ABOUT THIS TASK:
Once the pictures are removed, restate the listing word for word.

MATERIAL PROVIDED:
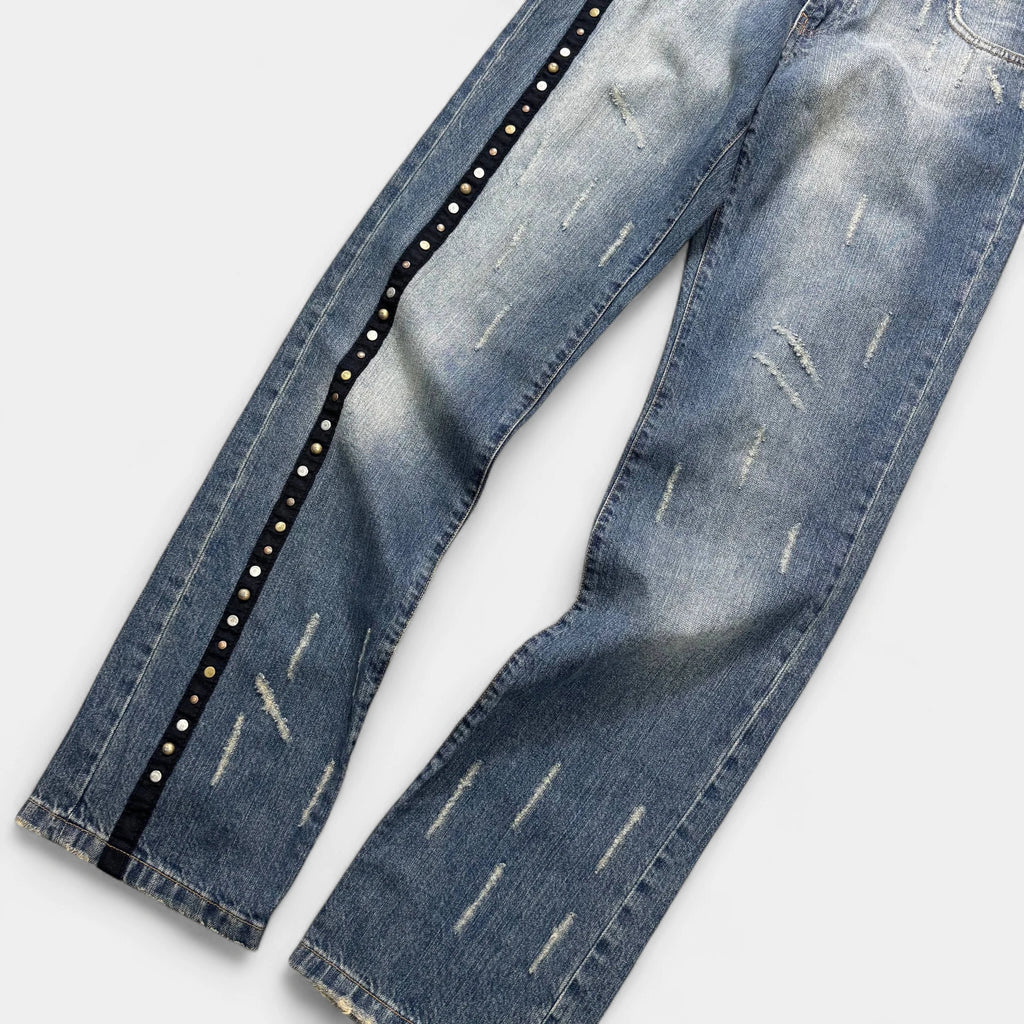 Just Cavalli 2000s Pony Hair Patch Studded Denim Jeans - detail 2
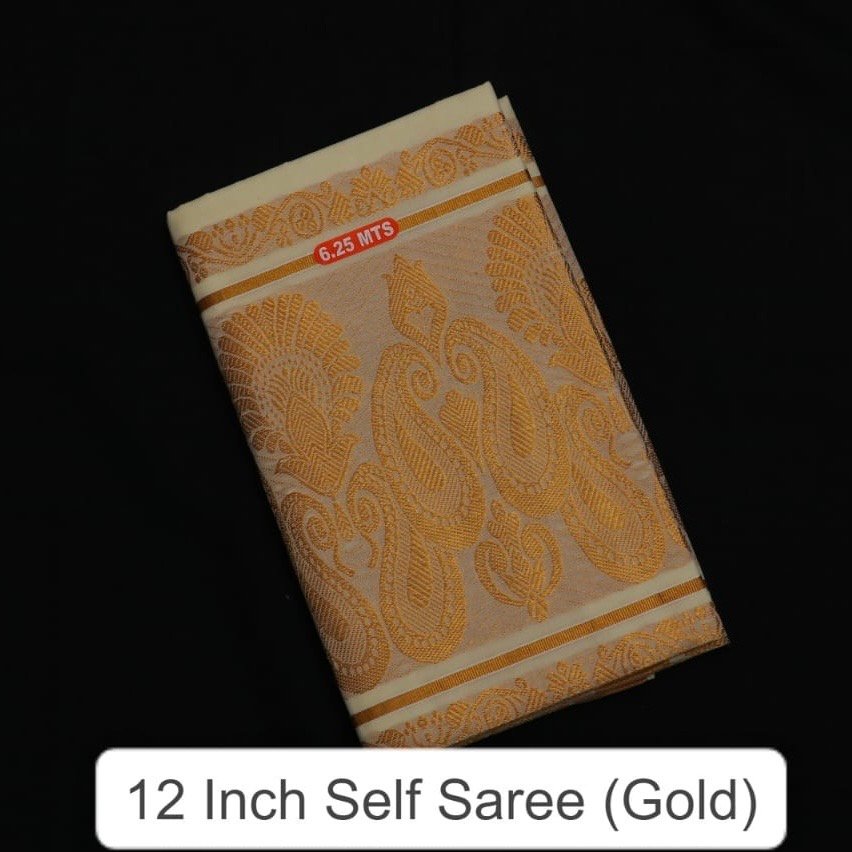 Kerala Traditional 12 Inch self kasavu saree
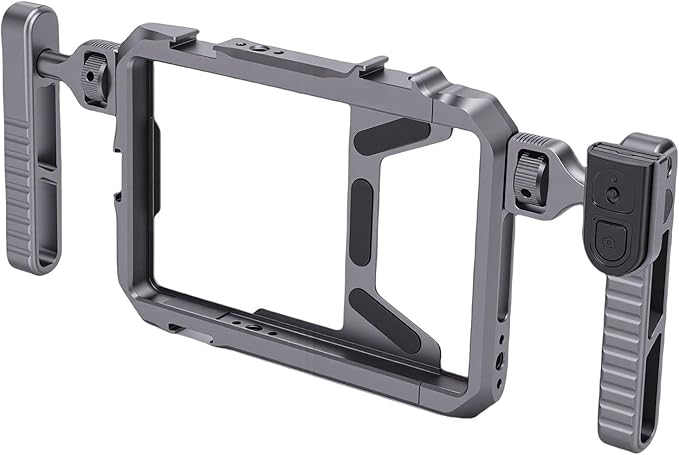 Smartphone Video Rig, Smartphone Metal Cage with Bluetooth Remote and Accessory Mounts for Filmmaking Vlogging Live Streaming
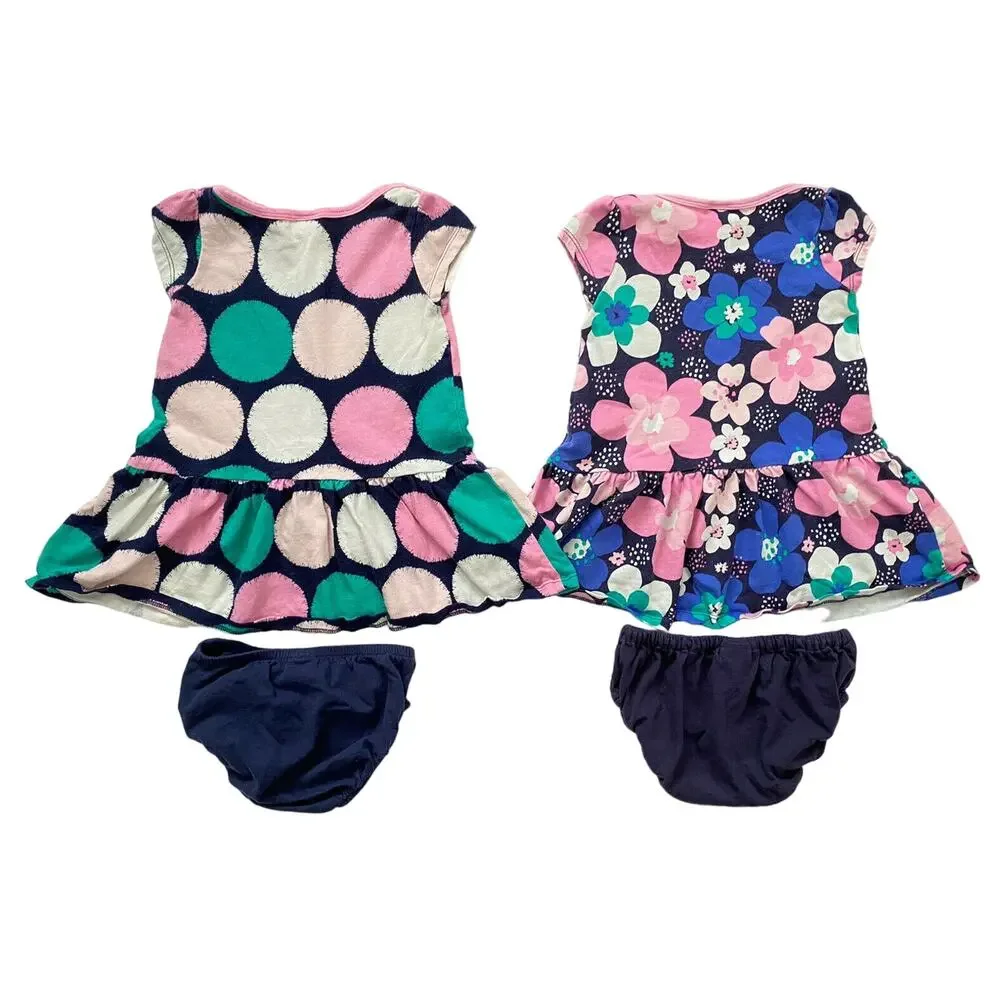 GYMBOREE Pink Blue Print Dress Set of 2 12-18 Months Floral Polka Dots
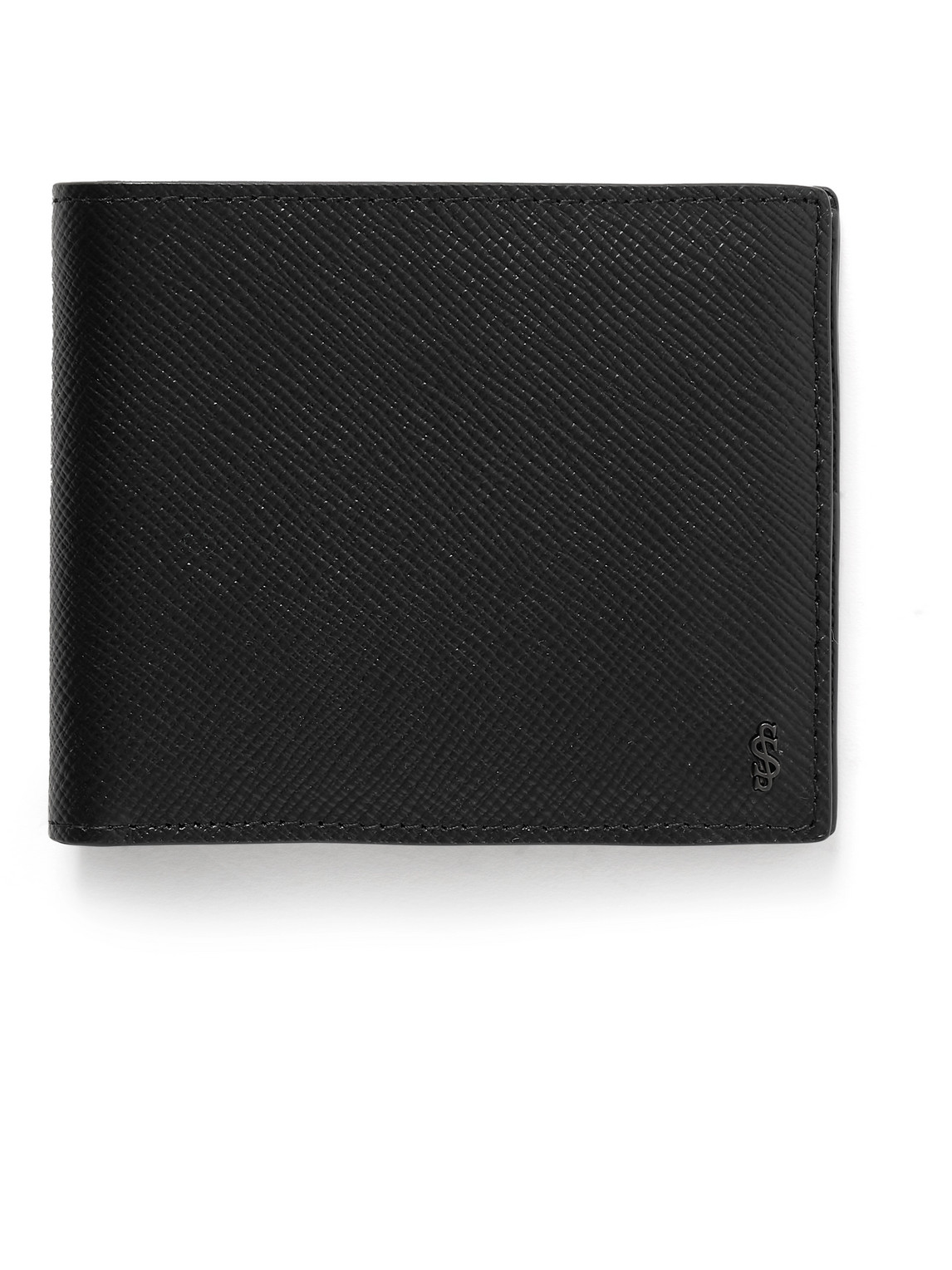 Serapian Evoluzione Logo-appliquéd Cross-grain Leather Billfold Wallet In Black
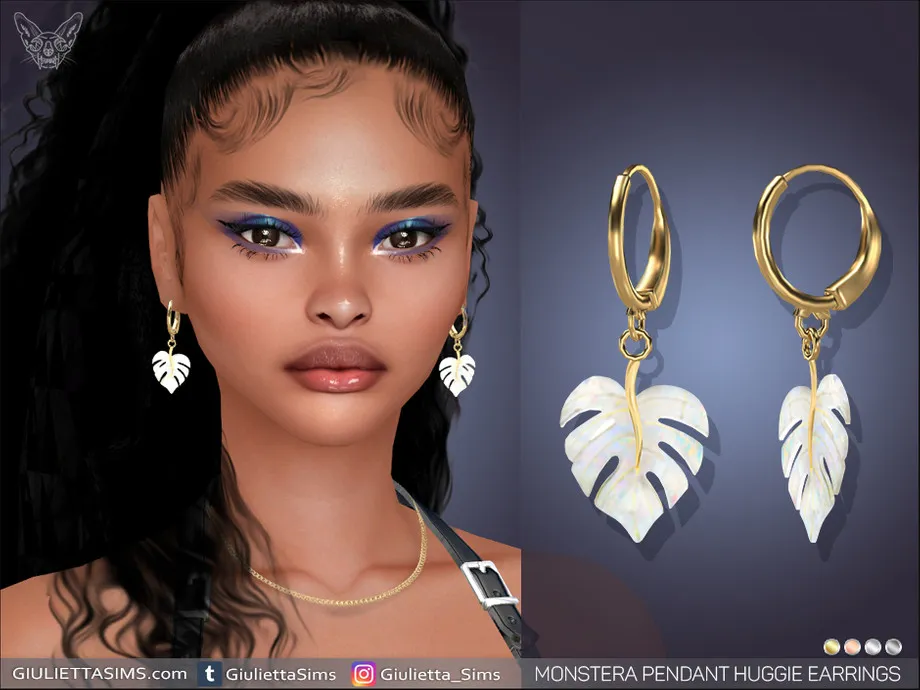 Monstera Pendant Huggie Earrings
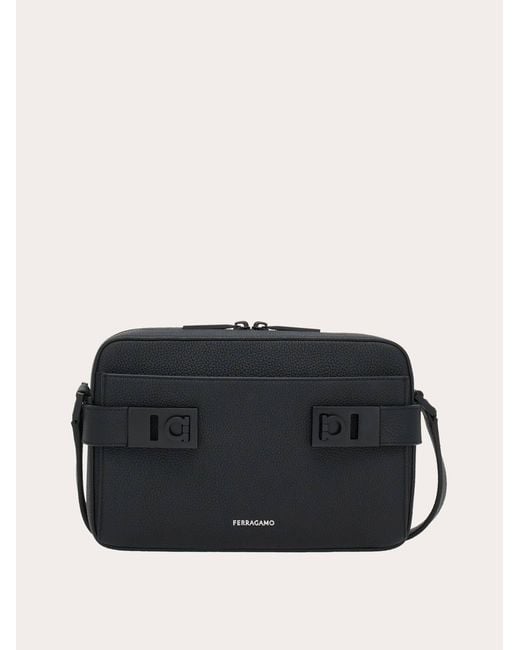 Ferragamo Black Shoulder Bag With Gancini Buckles for men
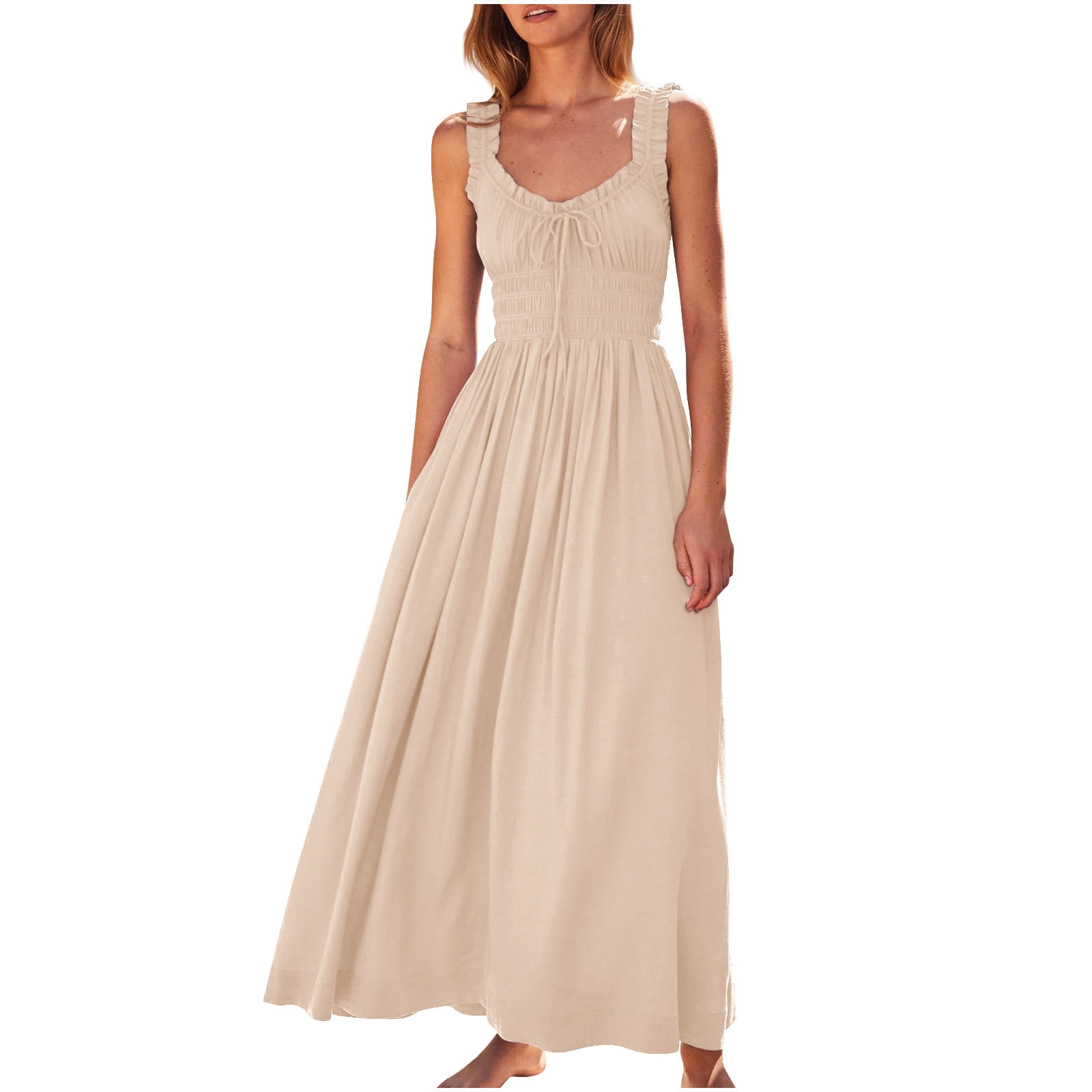 Rvkxad Casual Summer Dresses for Women Under $10 Empire Waist Dresses Tie Front A-Line Dress Sleeveless Maxi Casual Spring Smocked V Neck Flowy Boho 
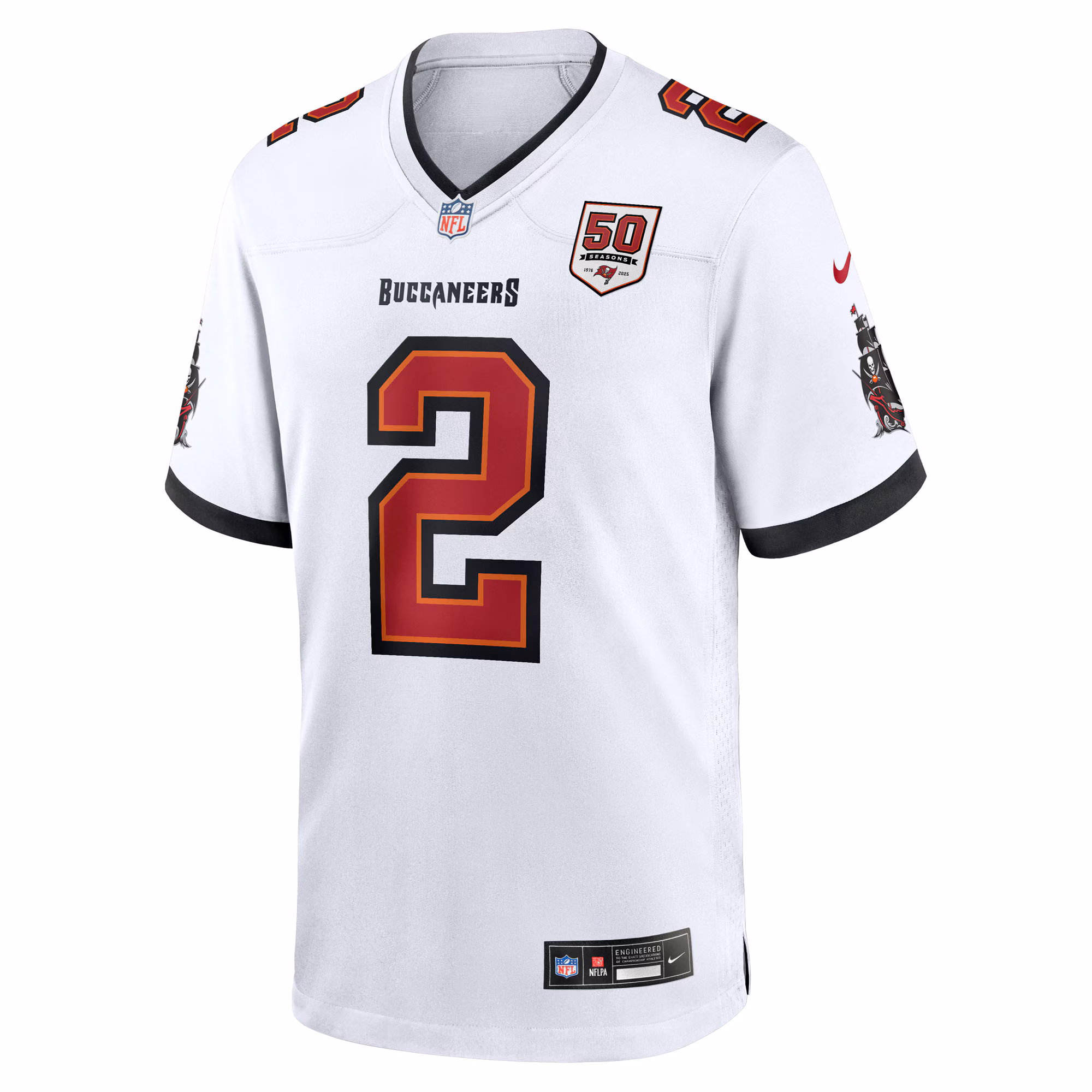Men's Tampa Bay Buccaneers Emeka Egbuka  White 50th Season Game Jersey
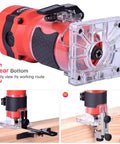 800W Palm Router Tool For Woodworking Compact Hand Trimmer Router With 12 Piece One Quarter Inch Bit Set showing transparent base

ANSWER SPACE:
 Just Cavalli 2000s Pony Hair Patch Studded Denim Jeans - detail 2
 Kerala Traditional 12 Inch self kasavu saree
 Smartphone Video Rig, Smartphone Metal Cage with Bluetooth Remote and Accessory Mounts for Filmmaking Vlogging Live Streaming
 GYMBOREE Pink Blue Print Dress Set of 2 12-18 Months Floral Polka Dots
 Serapian Evoluzione Logo-appliquéd Cross-grain Leather Billfold Wallet In Black
 Monstera Pendant Huggie Earrings
 Ferragamo Black Shoulder Bag With Gancini Buckles for men
 Rvkxad Casual Summer Dresses for Women Under $10 Empire Waist Dresses Tie Front A-Line Dress Sleeveless Maxi Casual Spring Smocked V Neck Flowy Boho 
Men's Tampa Bay Buccaneers Emeka Egbuka  White 50th Season Game Jersey
 800W Palm Router Tool For Woodworking Compact Hand Trimmer Router With 12 Piece One Quarter Inch Bit Set showing transparent base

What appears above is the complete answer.